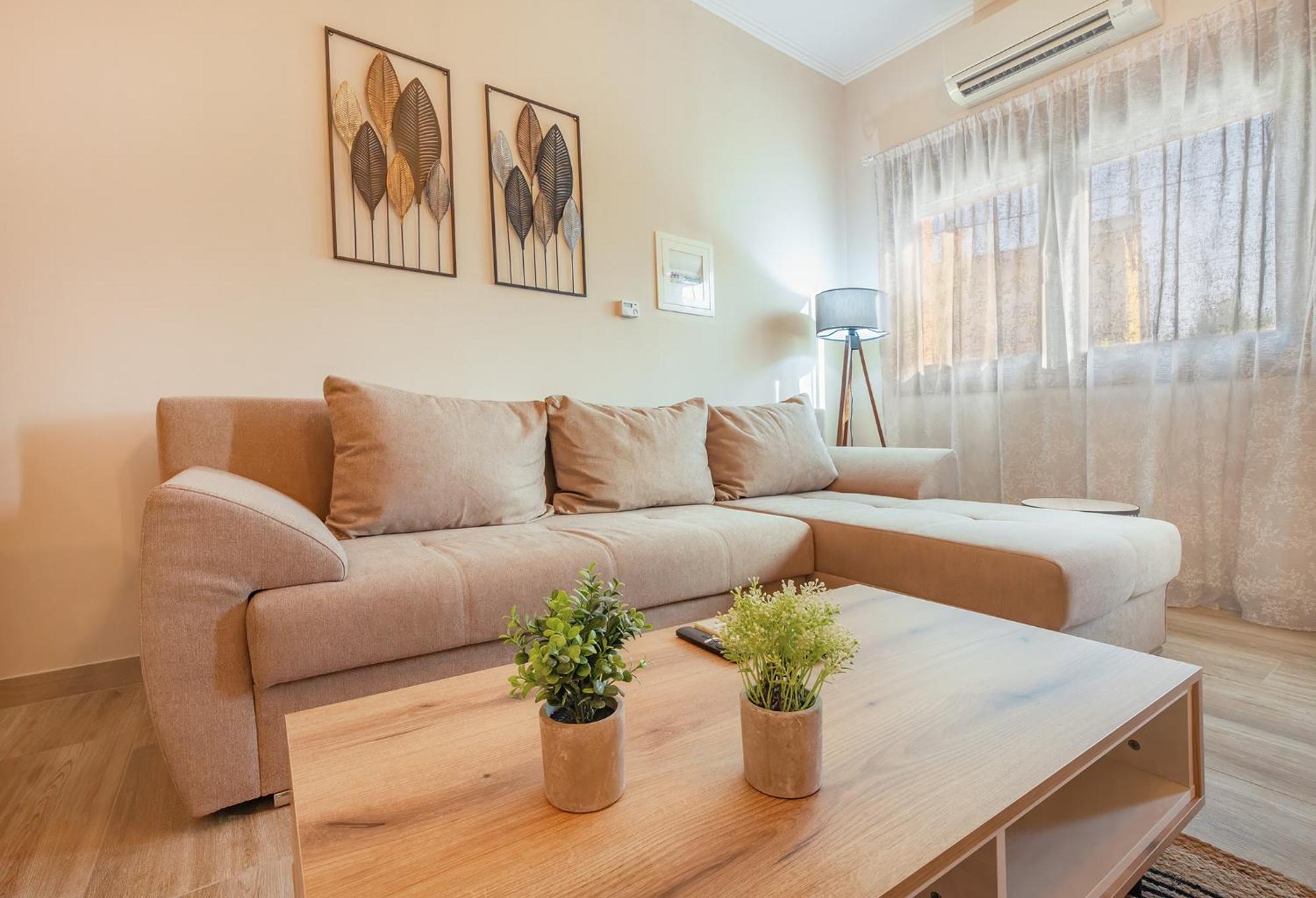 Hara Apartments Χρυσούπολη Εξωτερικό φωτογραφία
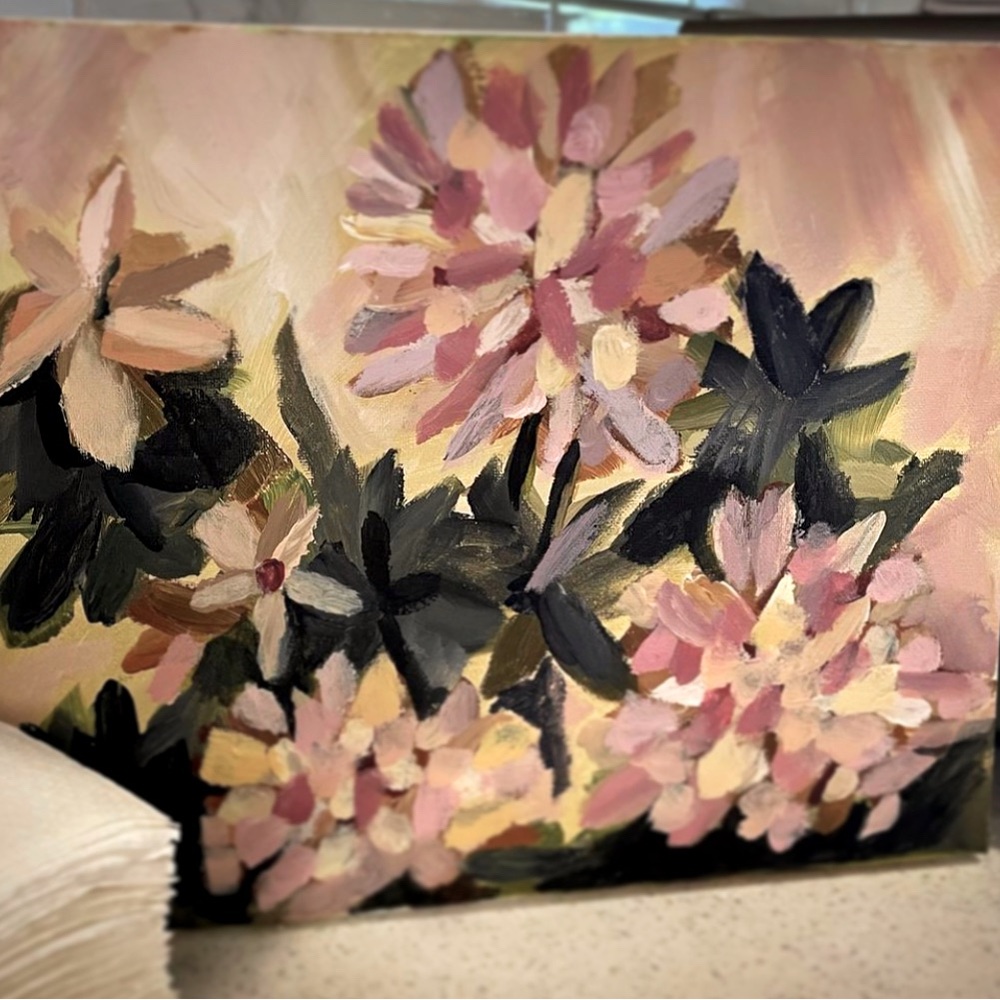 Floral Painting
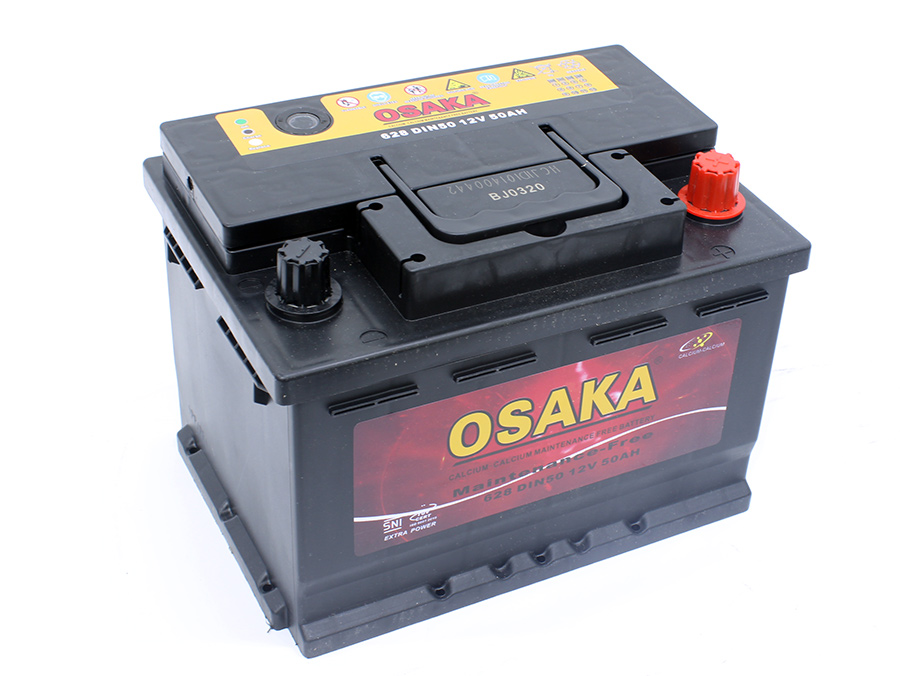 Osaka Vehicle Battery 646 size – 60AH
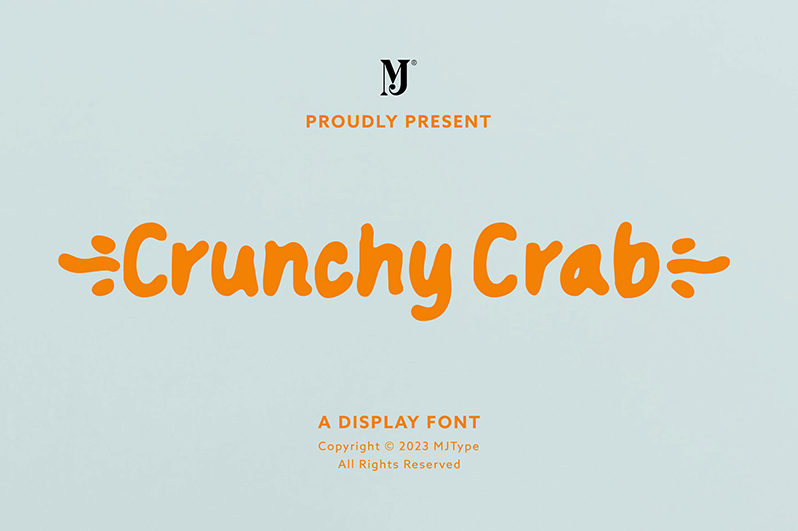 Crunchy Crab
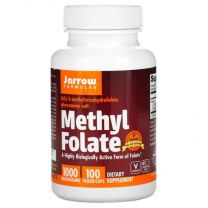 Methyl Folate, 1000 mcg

+--

Write the entries out again word for word. Omit all pictures from them.

→ **SOLUTION TO THE EXERCISE**
 Hara Apartments Χρυσούπολη Εξωτερικό φωτογραφία
 Floral Painting
 Osaka Vehicle Battery 646 size – 60AH
 Crunchy Crab
 Methyl Folate, 1000 mcg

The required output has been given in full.